__DATA SHOWN__
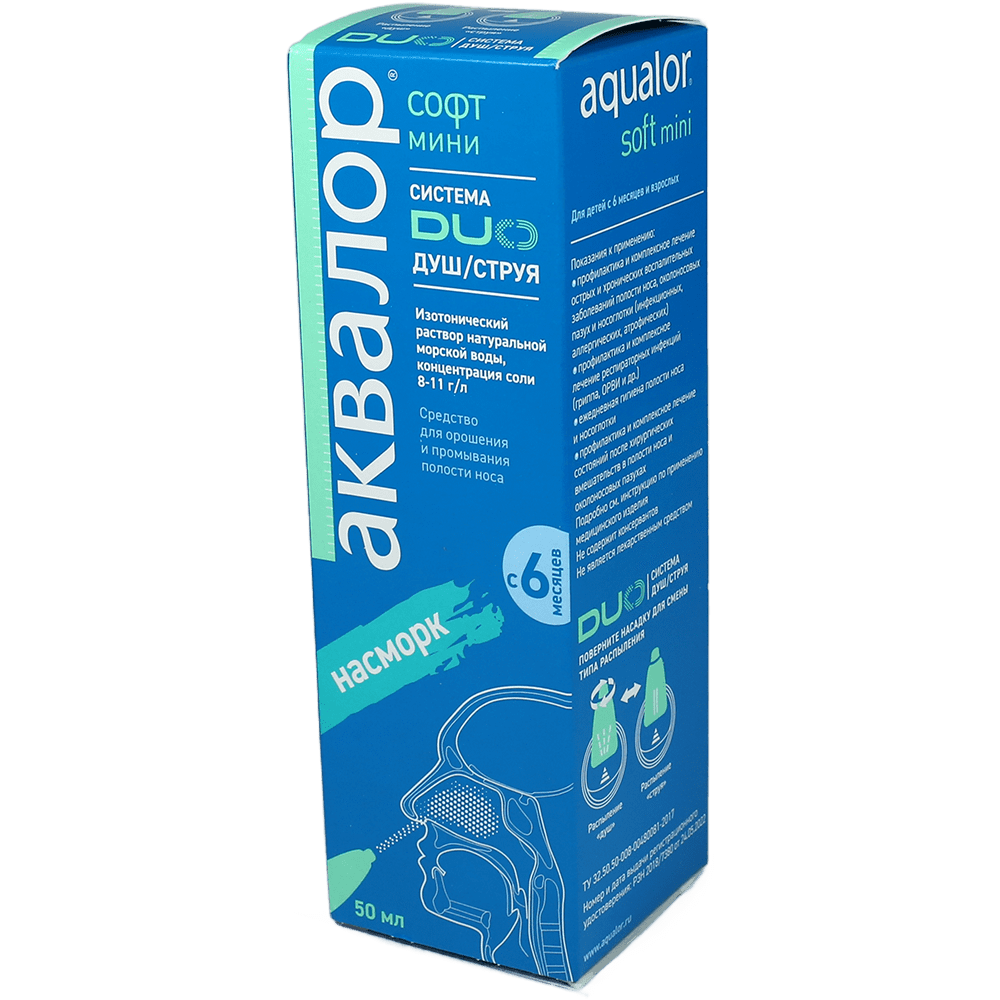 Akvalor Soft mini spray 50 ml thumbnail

---

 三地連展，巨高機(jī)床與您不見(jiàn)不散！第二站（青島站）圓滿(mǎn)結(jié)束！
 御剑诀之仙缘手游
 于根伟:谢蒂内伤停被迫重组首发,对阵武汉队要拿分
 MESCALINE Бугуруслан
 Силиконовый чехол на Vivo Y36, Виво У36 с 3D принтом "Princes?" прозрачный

...

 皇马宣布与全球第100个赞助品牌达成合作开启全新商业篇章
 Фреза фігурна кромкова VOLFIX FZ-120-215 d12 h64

__WORK ORDER__
Could you restate word for word the lines above, from the one that contains "三地連展，巨高機(j" through the one that contains "Силиконовый чехол на", and no others?

__OUTPUT BELOW__
 三地連展，巨高機(jī)床與您不見(jiàn)不散！第二站（青島站）圓滿(mǎn)結(jié)束！
 御剑诀之仙缘手游
 于根伟:谢蒂内伤停被迫重组首发,对阵武汉队要拿分
 MESCALINE Бугуруслан
 Силиконовый чехол на Vivo Y36, Виво У36 с 3D принтом "Princes?" прозрачный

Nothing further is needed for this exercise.